LA CASA DEL ABUELO
La casa del abuelo era de adobe y techo de calamina empastado con una mezcla llamada “diablo”-yeso y cemento- de puertas de madera. Tenía un callejón, al lado izquierdo de éste estaban los diferentes ambientes y culminaba en el patio, con una hamaca multicolor que invitaba a descansar. Mi abuelo Roberto o como cariñosamente lo llamábamos “Papá", la habitaba en solitario desde que falleció mi abuela. La tranquilidad que se respiraba, solo se quebraba para las vacaciones de medio año, que coincidía con la festividad de la Santísima Cruz. La casa se llenaba de gente, gritos y colores, éramos tantos primos que, el abuelo solo entendía su presencia al hecho innegable de algún parentesco cercano.
- ¿hijo de quién es ese muchacho? - me decía solapadamente,
sin que Pepe se diera cuenta
- Es hijo de mi tía Dora, su nombre es Pepe –
le trataba de explicar.
- ¡Qué grande está! - respondía tratando de asumir
un falso asombro, puesto que, ni lo recordaba.
El simple hecho de vivir a cuatro puertas de su
casa, nos otorgaba cierta ventaja respecto a mis primos. La casa se convertía
en nuestro búnker, no necesitábamos salir a la calle para divertirnos hasta el
cansancio. Además, aprovechábamos cualquier petición de compra, para recibir
buenas propinas de nuestros generosos tíos.

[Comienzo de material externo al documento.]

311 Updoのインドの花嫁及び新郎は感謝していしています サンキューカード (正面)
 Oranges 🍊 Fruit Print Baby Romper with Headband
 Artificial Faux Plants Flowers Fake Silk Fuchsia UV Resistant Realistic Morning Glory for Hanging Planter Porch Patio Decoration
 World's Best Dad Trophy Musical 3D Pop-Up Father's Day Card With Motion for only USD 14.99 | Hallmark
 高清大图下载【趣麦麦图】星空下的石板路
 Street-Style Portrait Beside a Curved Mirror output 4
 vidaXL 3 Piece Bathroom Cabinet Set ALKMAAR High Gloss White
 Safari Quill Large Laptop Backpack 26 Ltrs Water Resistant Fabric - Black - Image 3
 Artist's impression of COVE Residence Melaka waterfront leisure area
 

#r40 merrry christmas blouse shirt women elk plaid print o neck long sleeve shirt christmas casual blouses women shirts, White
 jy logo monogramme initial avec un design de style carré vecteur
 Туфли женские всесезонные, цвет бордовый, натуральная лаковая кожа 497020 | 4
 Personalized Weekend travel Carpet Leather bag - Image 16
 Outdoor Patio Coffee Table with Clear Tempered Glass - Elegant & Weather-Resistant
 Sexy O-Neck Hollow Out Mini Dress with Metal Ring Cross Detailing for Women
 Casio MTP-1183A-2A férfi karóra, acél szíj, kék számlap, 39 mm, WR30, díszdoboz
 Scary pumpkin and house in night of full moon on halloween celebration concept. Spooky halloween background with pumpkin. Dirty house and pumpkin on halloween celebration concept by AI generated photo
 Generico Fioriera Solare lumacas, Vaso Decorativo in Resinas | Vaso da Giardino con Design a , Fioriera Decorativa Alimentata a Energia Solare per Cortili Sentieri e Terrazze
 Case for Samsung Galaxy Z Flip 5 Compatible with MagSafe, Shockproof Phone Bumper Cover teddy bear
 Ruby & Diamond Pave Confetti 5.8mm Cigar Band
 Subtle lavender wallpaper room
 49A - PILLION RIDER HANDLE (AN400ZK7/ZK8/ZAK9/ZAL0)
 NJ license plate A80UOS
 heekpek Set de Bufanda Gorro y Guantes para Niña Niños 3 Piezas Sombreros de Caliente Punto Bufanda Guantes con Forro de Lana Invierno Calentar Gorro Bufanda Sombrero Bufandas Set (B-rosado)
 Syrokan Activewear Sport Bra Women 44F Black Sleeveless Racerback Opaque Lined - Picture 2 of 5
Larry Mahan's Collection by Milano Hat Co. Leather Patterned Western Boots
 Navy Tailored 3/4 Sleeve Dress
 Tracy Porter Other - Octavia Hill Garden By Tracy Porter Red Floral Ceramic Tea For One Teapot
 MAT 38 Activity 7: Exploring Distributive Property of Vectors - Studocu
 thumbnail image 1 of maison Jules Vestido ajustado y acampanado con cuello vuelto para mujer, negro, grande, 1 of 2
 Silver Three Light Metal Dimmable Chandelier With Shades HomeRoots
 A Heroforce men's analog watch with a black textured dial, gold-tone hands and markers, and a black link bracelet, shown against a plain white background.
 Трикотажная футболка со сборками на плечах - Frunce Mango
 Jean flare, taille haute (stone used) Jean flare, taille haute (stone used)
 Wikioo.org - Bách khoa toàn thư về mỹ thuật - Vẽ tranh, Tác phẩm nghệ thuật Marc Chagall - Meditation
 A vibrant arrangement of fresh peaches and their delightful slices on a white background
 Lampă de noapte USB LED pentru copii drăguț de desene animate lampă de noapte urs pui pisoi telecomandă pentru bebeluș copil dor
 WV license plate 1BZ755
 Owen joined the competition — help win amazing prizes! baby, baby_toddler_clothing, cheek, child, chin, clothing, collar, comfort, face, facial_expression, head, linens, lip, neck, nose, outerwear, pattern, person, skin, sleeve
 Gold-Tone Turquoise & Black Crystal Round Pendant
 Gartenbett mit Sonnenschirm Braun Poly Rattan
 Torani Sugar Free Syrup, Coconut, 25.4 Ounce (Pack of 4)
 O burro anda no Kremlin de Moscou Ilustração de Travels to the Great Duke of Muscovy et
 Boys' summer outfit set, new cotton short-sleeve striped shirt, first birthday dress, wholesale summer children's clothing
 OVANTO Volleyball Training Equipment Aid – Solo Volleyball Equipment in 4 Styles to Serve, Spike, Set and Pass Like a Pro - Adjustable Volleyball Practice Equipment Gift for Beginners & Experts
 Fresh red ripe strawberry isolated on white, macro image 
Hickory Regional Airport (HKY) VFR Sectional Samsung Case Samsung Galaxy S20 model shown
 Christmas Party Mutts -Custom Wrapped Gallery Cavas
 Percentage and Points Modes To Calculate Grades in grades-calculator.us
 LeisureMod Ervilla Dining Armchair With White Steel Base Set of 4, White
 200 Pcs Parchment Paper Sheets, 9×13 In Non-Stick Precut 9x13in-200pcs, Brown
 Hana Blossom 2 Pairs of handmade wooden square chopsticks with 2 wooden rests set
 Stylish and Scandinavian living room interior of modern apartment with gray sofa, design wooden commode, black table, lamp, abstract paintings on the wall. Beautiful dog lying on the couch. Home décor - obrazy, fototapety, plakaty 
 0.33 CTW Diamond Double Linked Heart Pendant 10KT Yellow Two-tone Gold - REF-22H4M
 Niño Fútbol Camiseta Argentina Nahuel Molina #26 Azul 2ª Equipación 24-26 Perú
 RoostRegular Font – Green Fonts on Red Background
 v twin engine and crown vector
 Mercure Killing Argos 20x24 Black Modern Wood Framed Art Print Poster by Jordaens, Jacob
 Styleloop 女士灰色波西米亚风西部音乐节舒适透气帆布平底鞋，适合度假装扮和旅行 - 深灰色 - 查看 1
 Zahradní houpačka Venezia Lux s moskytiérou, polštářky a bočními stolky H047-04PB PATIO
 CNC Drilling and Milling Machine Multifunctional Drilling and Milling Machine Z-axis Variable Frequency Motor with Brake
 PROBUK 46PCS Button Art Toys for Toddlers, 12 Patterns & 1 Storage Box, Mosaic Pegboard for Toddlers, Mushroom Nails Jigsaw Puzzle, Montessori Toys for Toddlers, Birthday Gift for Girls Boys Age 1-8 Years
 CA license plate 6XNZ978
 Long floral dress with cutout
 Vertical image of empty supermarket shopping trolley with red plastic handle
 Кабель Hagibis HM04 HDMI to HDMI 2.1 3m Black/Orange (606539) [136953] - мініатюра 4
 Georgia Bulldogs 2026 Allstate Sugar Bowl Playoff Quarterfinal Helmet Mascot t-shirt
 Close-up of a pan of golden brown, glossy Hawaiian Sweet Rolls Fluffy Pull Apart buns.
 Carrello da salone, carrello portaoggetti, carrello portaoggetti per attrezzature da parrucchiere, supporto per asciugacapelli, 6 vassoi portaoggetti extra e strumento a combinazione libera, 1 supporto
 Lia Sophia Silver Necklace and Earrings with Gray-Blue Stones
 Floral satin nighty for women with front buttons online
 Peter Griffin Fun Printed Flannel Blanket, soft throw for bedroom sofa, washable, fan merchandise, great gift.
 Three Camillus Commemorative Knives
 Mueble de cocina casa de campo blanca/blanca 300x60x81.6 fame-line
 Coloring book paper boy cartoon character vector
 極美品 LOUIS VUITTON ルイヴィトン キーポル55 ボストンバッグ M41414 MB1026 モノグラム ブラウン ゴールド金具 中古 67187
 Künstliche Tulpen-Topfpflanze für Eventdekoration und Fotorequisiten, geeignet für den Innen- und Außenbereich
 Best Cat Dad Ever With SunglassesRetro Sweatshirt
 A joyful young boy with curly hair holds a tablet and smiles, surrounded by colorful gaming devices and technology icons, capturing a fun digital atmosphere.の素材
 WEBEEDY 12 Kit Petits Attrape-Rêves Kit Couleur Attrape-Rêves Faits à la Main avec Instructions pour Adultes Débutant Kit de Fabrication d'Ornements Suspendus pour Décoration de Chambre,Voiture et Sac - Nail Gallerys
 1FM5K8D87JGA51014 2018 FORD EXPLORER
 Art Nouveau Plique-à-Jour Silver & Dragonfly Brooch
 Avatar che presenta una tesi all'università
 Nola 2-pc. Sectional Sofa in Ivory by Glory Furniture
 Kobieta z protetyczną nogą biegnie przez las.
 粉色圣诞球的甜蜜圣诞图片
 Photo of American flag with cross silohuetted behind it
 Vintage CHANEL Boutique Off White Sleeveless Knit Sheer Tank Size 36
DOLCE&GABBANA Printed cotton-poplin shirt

Valía la espera, casi sin percatarnos llegaban
de nuevo a llenar vacíos, espantar tormentos y regalar vivencias en cada
encuentro. El abuelo irradiaba felicidad al ver a todos en su casa, y los
esperaba con un buen café pasado, cuajadas y pan de horno artesanal. Y a pesar
de la ropa obsequiada, no renunciaba a su pantalón dril, camisa blanca manga
larga y su inseparable sombrero de paja con una cinta negra bordeando la base
de la copa.
Recuerdo que, en su dormitorio tenía un baúl de
cedro en donde iban a parar todos los regalos. También había un pequeño cofre
donde depositaba las monedas. A veces, cuando ingresaba a la casa, al no
encontrarlo, me dirigía a su cuarto raudamente para “sustraer” algunas,
para después, abandonar el lugar a la velocidad de un rayo. Cierta vez, al abrir el baúl observé un
alacrán encima del cofre como si lo estuviera protegiendo, cerré el baúl y
esperé en la hamaca que llegara. Tenía el temor que el alacrán le causara
alguna herida. Al verlo entrar fui inmediatamente a su encuentro, aunque no
sabía la forma de advertirle del peligro, sin dejar evidencia de mis actos.
-
Papá , … este …, al pasar por tu cuarto me parece que, …, un alacrán se metió
por una rendija al baúl.
-
¿un
alacrán?
-
Sí
papá ., era uno grande.
-
Ahhh,
debe ser Panchito.
-
¿Panchito?
-
Él
está allí para picar a los rateros de monedas – dijo en tono sarcástico.